Experts agree that environmental risk insurance, also known generically as environmental impairment liability, should be a part of any multinational’s enterprise risk management plan. Yet as governments rarely mandate the purchase of this line of insurance, some companies without an obvious potential for environmental risks may be declining this discretionary line of casualty cover during tough economic times—which might be a mistake. It is not only companies that produce or store toxic substances like chemicals or pesticides that can carry exposure to environmental risks and the subsequent hefty price tags associated with cleanup operations and liability claims.

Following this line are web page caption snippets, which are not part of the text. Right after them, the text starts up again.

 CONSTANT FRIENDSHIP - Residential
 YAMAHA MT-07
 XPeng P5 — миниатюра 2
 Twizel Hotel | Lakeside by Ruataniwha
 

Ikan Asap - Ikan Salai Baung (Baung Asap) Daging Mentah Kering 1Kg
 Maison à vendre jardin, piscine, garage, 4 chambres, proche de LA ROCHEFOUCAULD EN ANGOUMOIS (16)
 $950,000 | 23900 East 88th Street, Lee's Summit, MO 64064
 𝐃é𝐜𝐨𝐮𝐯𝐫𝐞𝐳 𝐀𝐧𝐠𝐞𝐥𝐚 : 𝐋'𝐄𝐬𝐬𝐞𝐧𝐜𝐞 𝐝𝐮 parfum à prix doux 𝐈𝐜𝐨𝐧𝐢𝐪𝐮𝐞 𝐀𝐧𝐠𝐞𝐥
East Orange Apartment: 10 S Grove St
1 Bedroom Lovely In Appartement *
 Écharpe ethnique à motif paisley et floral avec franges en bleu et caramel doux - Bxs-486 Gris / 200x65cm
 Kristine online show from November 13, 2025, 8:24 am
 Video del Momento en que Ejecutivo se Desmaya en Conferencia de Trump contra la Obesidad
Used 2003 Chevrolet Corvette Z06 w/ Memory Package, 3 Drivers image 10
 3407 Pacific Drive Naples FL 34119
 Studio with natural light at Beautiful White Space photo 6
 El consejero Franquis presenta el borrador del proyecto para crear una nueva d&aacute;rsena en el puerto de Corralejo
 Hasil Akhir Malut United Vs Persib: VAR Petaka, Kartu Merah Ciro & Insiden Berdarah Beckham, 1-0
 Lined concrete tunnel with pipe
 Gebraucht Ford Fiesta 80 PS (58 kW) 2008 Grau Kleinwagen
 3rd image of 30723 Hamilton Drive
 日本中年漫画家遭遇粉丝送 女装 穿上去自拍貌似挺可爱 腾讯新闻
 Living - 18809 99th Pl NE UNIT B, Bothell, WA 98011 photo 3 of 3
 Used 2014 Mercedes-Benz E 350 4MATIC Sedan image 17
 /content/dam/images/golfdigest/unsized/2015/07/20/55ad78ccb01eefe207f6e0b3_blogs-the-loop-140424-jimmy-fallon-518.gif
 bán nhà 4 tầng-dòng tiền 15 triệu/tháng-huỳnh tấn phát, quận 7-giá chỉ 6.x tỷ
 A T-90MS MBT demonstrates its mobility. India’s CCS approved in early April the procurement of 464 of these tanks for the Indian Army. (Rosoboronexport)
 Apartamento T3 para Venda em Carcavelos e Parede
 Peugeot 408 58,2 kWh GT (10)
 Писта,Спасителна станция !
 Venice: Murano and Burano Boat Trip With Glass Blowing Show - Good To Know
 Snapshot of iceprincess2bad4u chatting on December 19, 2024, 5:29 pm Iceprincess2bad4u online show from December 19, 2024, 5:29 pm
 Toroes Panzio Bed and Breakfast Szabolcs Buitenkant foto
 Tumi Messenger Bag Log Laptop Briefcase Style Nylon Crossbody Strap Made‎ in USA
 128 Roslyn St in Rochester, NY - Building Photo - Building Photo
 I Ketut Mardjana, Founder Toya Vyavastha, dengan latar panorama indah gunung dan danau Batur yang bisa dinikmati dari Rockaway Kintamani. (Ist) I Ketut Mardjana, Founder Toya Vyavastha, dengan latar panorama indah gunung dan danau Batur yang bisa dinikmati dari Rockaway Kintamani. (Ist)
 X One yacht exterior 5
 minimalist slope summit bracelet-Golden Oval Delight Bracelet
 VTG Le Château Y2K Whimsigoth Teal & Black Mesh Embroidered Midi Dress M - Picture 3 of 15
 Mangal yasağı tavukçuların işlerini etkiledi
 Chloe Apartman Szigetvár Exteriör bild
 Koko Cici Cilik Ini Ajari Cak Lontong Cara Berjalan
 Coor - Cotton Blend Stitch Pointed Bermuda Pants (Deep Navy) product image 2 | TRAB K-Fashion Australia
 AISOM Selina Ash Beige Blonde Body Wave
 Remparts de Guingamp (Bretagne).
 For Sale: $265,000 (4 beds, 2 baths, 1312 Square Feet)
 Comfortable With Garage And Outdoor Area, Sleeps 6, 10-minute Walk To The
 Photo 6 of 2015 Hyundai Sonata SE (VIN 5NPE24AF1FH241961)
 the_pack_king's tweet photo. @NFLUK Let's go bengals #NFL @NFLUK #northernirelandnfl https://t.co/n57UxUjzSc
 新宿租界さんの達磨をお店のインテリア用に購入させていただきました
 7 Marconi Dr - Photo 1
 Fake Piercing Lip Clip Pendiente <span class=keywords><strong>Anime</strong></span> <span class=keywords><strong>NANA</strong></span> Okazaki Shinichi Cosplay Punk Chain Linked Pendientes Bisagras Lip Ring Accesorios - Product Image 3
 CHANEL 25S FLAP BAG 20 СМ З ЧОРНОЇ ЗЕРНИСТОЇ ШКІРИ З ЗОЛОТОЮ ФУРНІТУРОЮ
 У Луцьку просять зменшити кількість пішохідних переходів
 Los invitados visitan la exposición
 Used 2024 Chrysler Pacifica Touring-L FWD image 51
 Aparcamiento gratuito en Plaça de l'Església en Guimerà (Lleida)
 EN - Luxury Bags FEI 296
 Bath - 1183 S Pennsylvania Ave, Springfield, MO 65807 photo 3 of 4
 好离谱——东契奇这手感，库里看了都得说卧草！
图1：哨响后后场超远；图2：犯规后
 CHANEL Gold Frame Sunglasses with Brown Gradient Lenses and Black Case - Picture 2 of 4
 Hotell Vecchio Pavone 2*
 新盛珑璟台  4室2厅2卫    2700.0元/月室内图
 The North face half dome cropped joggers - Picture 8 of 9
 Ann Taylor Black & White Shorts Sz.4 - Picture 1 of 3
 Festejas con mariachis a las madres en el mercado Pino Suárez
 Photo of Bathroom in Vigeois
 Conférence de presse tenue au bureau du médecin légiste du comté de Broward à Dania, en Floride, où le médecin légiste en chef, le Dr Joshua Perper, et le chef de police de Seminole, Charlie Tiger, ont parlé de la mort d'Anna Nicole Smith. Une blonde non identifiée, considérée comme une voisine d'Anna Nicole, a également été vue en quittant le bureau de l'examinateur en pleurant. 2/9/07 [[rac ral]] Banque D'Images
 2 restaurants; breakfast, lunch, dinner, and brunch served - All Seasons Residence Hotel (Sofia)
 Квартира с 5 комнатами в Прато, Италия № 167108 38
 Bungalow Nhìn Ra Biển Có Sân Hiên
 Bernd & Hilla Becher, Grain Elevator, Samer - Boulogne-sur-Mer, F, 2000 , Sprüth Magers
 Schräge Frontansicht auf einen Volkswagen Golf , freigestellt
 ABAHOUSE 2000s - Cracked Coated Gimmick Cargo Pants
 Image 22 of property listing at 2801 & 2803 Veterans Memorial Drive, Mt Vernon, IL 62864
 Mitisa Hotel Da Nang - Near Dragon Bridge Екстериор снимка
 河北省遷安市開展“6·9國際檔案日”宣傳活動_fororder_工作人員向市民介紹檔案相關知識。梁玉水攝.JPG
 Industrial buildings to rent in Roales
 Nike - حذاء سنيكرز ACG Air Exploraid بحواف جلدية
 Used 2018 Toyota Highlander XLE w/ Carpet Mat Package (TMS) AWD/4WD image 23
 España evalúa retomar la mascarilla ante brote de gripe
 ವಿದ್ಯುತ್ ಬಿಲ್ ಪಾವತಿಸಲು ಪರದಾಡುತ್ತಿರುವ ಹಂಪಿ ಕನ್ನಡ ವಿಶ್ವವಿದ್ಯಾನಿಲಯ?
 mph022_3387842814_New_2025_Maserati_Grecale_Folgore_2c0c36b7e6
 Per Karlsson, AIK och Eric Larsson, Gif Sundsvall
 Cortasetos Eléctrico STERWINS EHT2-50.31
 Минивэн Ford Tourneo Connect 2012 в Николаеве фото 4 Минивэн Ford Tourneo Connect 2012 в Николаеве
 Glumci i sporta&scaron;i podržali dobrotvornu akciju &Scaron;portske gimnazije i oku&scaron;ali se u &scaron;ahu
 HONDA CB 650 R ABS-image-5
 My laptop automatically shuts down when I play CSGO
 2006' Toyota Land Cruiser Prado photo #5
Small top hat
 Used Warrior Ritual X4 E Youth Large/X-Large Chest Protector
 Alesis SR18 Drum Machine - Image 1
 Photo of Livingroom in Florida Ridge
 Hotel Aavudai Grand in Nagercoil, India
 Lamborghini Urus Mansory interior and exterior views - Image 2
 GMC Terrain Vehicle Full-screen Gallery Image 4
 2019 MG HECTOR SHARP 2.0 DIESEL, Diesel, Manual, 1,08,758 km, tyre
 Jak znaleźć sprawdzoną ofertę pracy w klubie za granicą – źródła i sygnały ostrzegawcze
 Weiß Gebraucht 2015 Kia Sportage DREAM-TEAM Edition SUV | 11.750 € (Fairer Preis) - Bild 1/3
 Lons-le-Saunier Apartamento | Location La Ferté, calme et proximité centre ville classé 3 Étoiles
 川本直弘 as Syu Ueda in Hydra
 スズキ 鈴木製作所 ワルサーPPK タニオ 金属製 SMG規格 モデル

“The C-suite wants the business to weather any event and still prosper,” says Jeffrey Beauman, vice president, all-risk underwriting, at FM Global in Johnston, Rhode Island. As an international property insurer, FM Global does not offer liability cover against environmental risks, but it has always placed a priority on reducing risks through preventive techniques. “[Senior managers] want their risk manager to think broadly about the business and how it could be affected. There could be environmental hazards tied to mundane news…a fire could release toxic materials,” Beauman explains.

Allianz’s Manson adds: “It may not be mandatory to be insured, but there is no maybe about sanctions and government fines for polluting. And these are long-term issues. Toxic wastes may not be found on a site you owned until 20 years later. But you’re still going to be liable [for the pollution.] There’s no maybe about it.”